The album’s tracks range primarily between two groupings, “Ammunitions” and “Installations,” the former largely stark guitar settings and the latter soundscapes of varying design. “Ammunition 1” weaves gossamer-like threads of electrical tones, soft electronic shadings, and field recording elements into a placid whole. By presenting Webb’s subdued electric guitar playing in untreated and natural manner, “Ammunition 2” gives the material warmth and lends the album an inviting appeal, while the ten-minute guitar meditation “Ammunition 3” is so halting and pensive, it feels time-suspending. Because looping was used during the recording process, a track such as “Ammunition 5” sounds as if two guitarists are playing together with each simultaneously soloing and supporting the explorations of the “other” musician. The closing pieces, “Ammunition 6” and “Outside,” send the listener outdoors, where the sounds of footsteps, bird calls, wind, and water dominate. While the guitar spotlights are, generally speaking, intimate in nature, “Installation 1” is a colder and rather industrial-sounding smeary drone whose ambiance suggests the large, echoing space that it was recorded within. By contrast, “Installation 2,” an almost somnambulant drone, is much softer and warmer in tone, and hence more inviting, while “Installation 3” merges the guitar playing with a shape-shifting mass of fluttering sounds.

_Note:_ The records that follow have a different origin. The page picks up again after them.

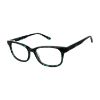 Picture of Aristar Eyeglasses 18441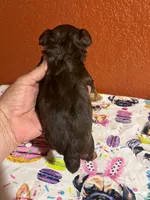 Finn, a male Yorkshire Terrier for sale in Van Buren, AR – 5 of 8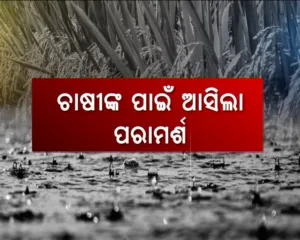 advisory for farmer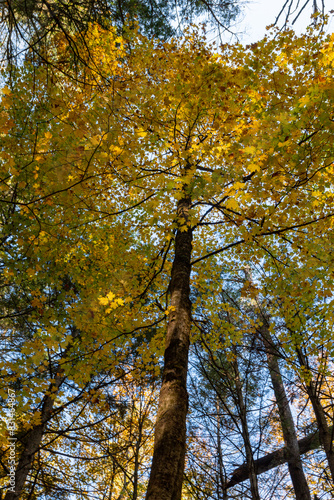 Trees in autumn 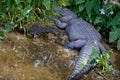 Crocodile in Florida swamp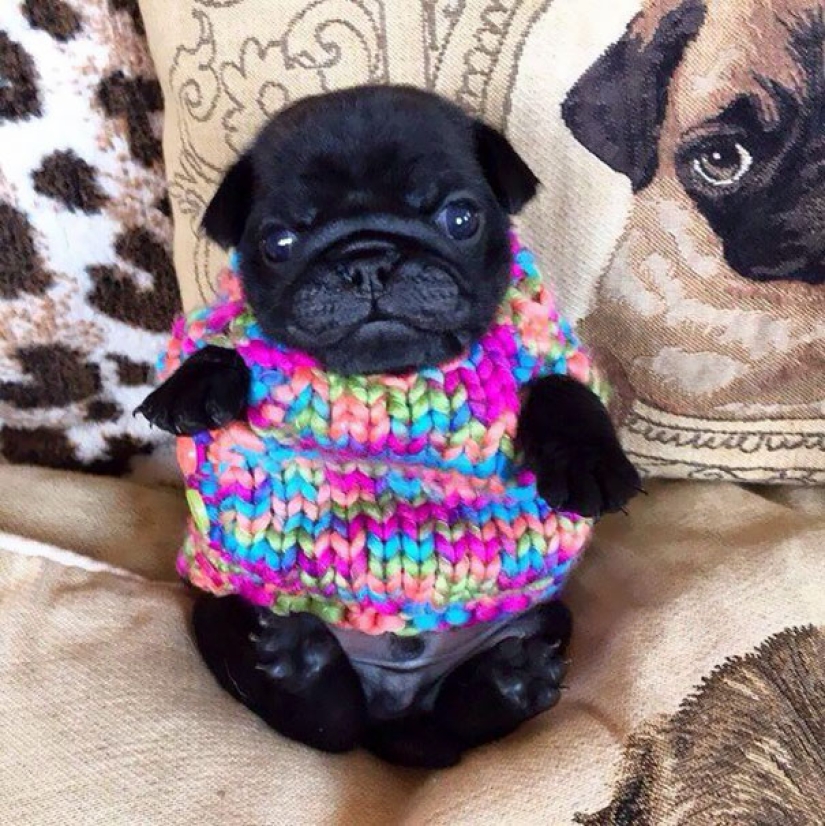 These 20 photos of insanely cute animals in sweaters will keep you warm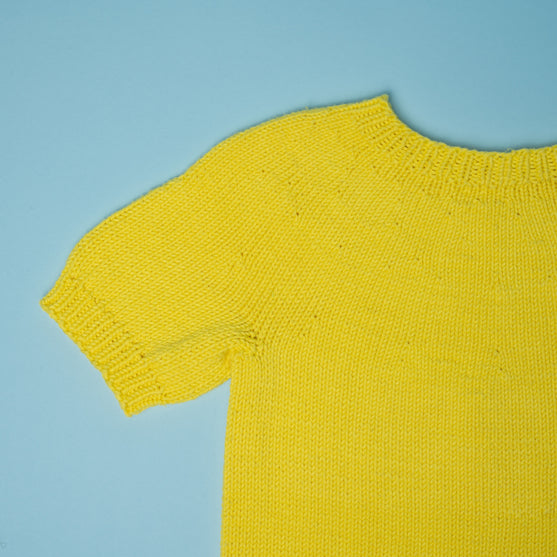 The Yellow Jersey - Tour de France
2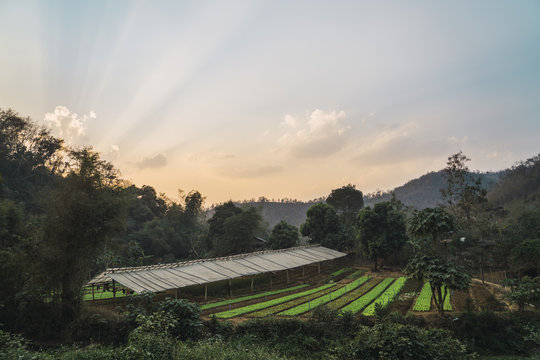 Green rows on farm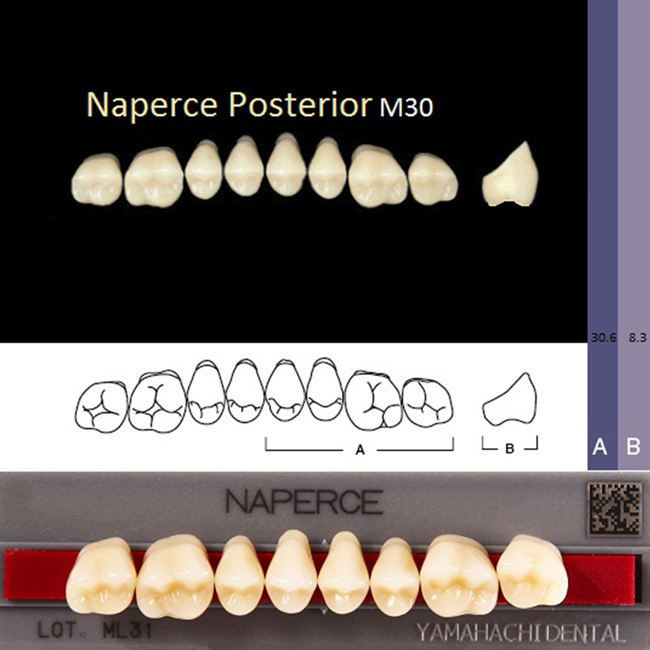 Зубы акриловые NAPERCE POSTERIOR GLORIA A3, жевательные верх M30, 1 планка /8 шт./, YAMAHACHI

Being understated and self-effacing by design, Seaworthy’s sound can be easy to under-appreciate, and in that regard it reminds me a little bit of Solo Andata’s Fyris Swan release (issued on Hefty in 2006). Like it, 1897 often drifts by unassumingly, content to not attract too much attention to itself. Headphones listening enhances one’s appreciation for the recording’s merits.